EXERCISE - Below are the records; repeat exactly their lines between the line holding "MiaoMiao Korea 百搭氣質款 小香風珍珠鏈條腰帶 東大門 正韓代購-細節圖2" and the line holding "Halloween Monster Obličej", inclusive, skipping the pictures.

GIVEN INFORMATION -
━━━
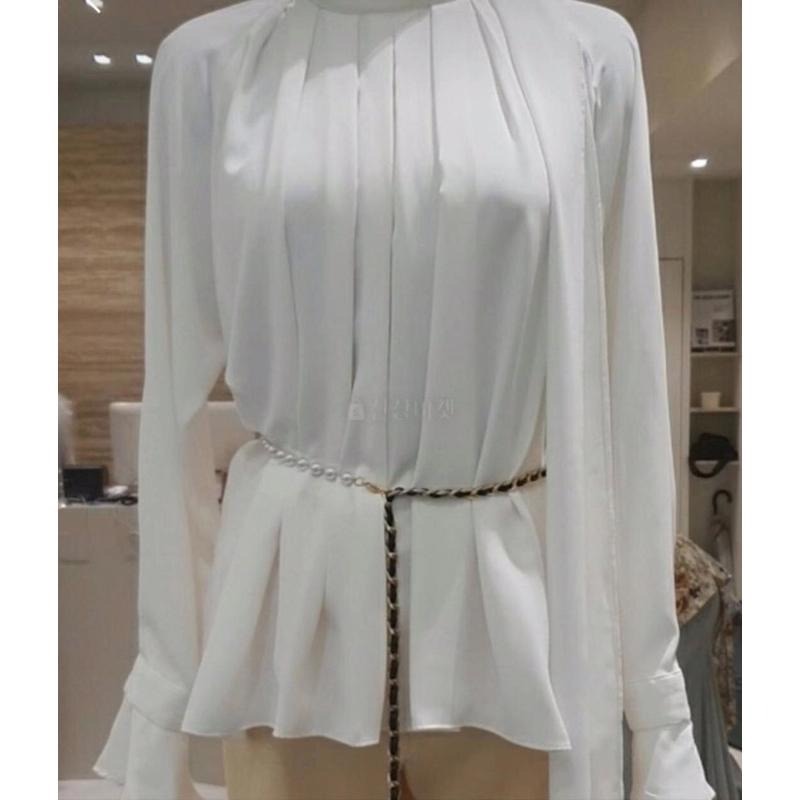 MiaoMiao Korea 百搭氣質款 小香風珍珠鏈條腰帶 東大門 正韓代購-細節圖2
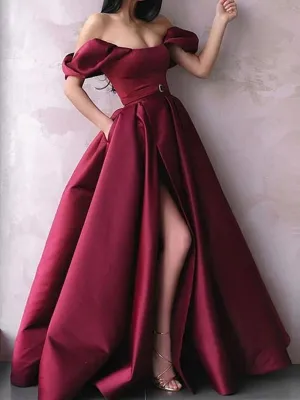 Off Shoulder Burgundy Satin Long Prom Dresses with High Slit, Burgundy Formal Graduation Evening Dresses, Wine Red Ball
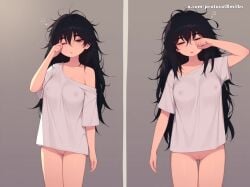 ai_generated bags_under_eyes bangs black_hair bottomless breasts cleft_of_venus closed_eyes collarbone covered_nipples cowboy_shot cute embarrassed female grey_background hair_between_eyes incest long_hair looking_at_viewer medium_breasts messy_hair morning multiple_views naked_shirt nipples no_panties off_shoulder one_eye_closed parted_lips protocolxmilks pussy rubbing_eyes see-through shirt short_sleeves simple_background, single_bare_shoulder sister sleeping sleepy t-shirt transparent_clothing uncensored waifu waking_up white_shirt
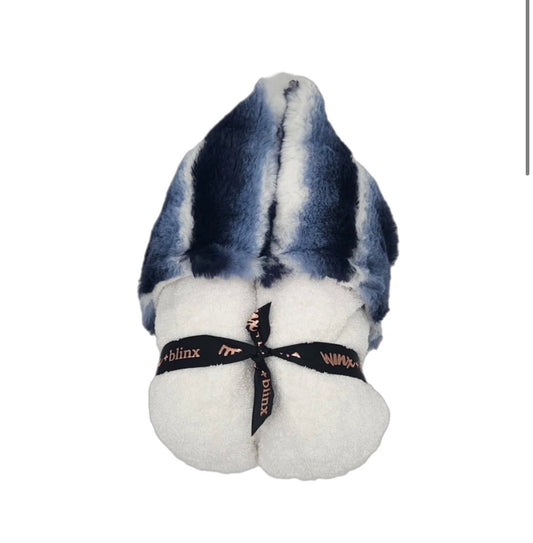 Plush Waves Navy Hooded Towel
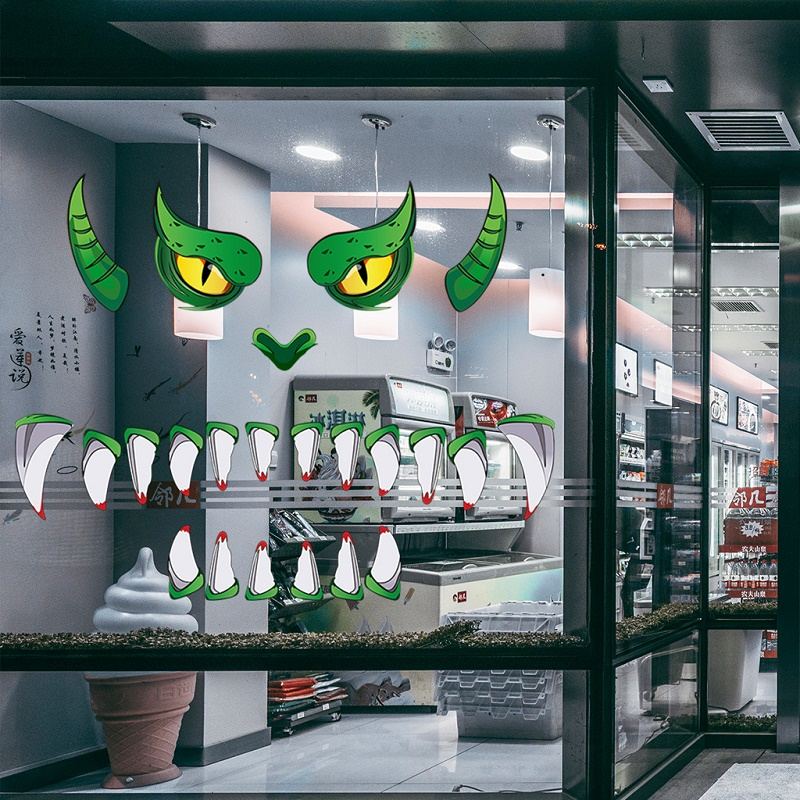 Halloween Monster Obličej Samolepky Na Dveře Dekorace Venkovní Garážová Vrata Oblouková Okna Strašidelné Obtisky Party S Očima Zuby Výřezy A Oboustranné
━━━
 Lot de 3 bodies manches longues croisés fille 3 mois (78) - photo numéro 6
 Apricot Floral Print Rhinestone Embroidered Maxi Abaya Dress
━━━
TASK RESULT -
 MiaoMiao Korea 百搭氣質款 小香風珍珠鏈條腰帶 東大門 正韓代購-細節圖2
 Off Shoulder Burgundy Satin Long Prom Dresses with High Slit, Burgundy Formal Graduation Evening Dresses, Wine Red Ball
 ai_generated bags_under_eyes bangs black_hair bottomless breasts cleft_of_venus closed_eyes collarbone covered_nipples cowboy_shot cute embarrassed female grey_background hair_between_eyes incest long_hair looking_at_viewer medium_breasts messy_hair morning multiple_views naked_shirt nipples no_panties off_shoulder one_eye_closed parted_lips protocolxmilks pussy rubbing_eyes see-through shirt short_sleeves simple_background, single_bare_shoulder sister sleeping sleepy t-shirt transparent_clothing uncensored waifu waking_up white_shirt
 Plush Waves Navy Hooded Towel
 Halloween Monster Obličej Samolepky Na Dveře Dekorace Venkovní Garážová Vrata Oblouková Okna Strašidelné Obtisky Party S Očima Zuby Výřezy A Oboustranné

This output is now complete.